Chloé, plutôt que de tourner les talons ainsi qu'elle vient d'en recevoir l'ordre, reste longtemps immobile sur le seuil de la porte, pendant que les paupières d'Amanda se referment. Elle n'a pas l'intention d'en rester là, même s'il lui faut faire un caprice pour parvenir à ses fins.
- Mais Mandy ! Toutes mes copines y vont et...
- Chloé, cela suffit ! Je ne veux pas entendre ce que font les autres. Ils ont toujours leurs parents, eux !
La fillette, qui s'apprête à se mettre à larmoyer, est secouée par un violent hoquet. Sa lèvre inférieure est agitée par un tremblement, de même que son corps. Amanda porte ses doigts à sa bouche, trop tard pour contenir les paroles qui viennent de lui échapper.
- Chloé, je ne voulais pas... Je...
L'intéressée pivote sur elle-même pour s'enfuir en courant en faisant claquer le battant dans son sillage. Amanda esquisse un geste pour se lancer à sa poursuite, mais renonce. Elle prend son visage entre ses mains et s'autorise à exprimer un soupir.
Elle n'aurait pas dû crier sur Chloé comme elle l'a fait. Cela ne doit pas être facile à vivre pour elle non plus, seulement elle n'a pas la carrure nécessaire afin de supporter sur ses épaules le mal-être de sa cadette en plus du sien, bien que cela soit le rôle qui lui incombe.
Elle secoue son joli minois, gâché par la tristesse que dépeignent ses traits, puis se rallonge. Elle s'efforcera d'arranger la situation avec Chloé le soir venu, à condition que celle-ci ne soit pas déjà couchée au moment où elle rentrera.
***Du revers de la main, la fillette balaye les pleurs qui ruissèlent le long de ses joues aux rondeurs enfantines. Elle s'est réfugiée dans la petite cour sur laquelle donne la porte de la cuisine. Accroupie dans l'herbe, elle sanglote sur le Rattata de la famille. Aussi âgé que dodu, il ne tardera sans doute pas à rejoindre ses défunts maîtres.
Chloé en a assez de tout cela. Le chagrin provoqué par la disparition de ses parents s'est étendu à toute son existence. Elle n'a plus le droit de rire, de chanter, de s'amuser et encore moins de sortir, car Amanda prétend toujours que ce genre de comportement la dérange.
Elle veut revoir la mer. De sa maison, elle est impossible à apercevoir. Elle parvient juste à sentir les effluves de la brise marine qui souffle jusqu'à elle. Savoir qu'elle en est si près et qu'elle n'a pas la permission de s'y rendre, pour elle qui l'aime temps, relève d'un supplice atroce.
Si ses parents étaient encore là, ils se seraient empressés de l'emmener là-bas. Au lieu de cela, elle est condamnée à rester ici, bloquée avec la sempiternelle mauvaise humeur d'Amanda.
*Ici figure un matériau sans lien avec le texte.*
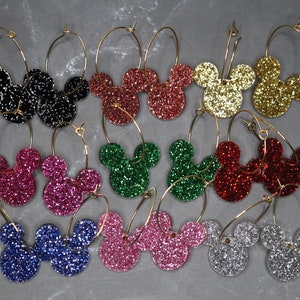 May include: A set of 10 pairs of gold hoop earrings with glitter Mickey Mouse head charms in various colors, including black, red, green, pink, blue, silver, and gold.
- Rattata ? appelle-t-elle soudain.
Elle a détourné un instant les yeux du pokémon, qui en a profité pour disparaître hors de son champ de vision. Elle étudie les alentours du regard, en vain. Il ne semble pas être caché derrière la vieille poubelle rouillée, pas pus que sous les chaises de jardin au plastique décoloré.
- Rattata ?
Chloé se relève. L'herbe a laissé des traces rougeâtres sur ses mollets. Intriguée, elle cherche le rongeur. Vieux et gras comme il l'est, il n'a pas pu aller bien loin, lui qui se déplace si lentement. En dépit de cette certitude, il demeure nulle part en vue.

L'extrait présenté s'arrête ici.